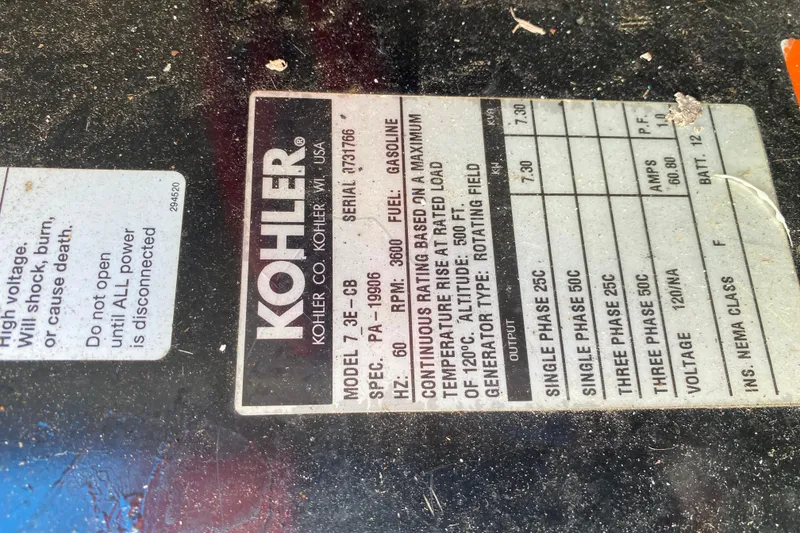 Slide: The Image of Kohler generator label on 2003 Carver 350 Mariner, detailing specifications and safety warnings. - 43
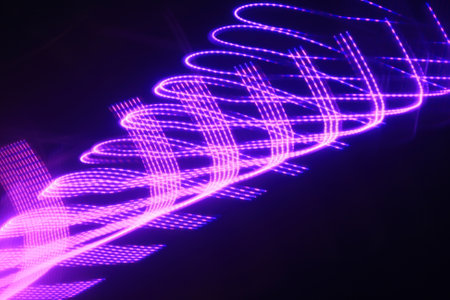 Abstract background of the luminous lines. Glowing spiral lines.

============================================================

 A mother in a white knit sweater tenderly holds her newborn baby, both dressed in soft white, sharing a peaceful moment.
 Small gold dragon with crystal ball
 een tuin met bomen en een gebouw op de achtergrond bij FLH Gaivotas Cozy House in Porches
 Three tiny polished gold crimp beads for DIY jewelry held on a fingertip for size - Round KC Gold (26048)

============================================================

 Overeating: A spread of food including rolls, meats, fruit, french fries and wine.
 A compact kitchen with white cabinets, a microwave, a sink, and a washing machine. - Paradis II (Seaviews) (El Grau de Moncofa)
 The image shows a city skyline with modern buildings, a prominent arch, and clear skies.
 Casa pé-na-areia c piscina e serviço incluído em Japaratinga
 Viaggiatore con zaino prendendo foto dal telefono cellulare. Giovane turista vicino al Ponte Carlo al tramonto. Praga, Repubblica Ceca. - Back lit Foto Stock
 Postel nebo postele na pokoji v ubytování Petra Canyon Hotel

============================================================

- What is required
Copy word for word the lines above, starting at the line containing "Slide: The Image" and ending at the line containing "Abstract background of", inclusive, with no pictures.

- Reply
 Slide: The Image of Kohler generator label on 2003 Carver 350 Mariner, detailing specifications and safety warnings. - 43
 Abstract background of the luminous lines. Glowing spiral lines.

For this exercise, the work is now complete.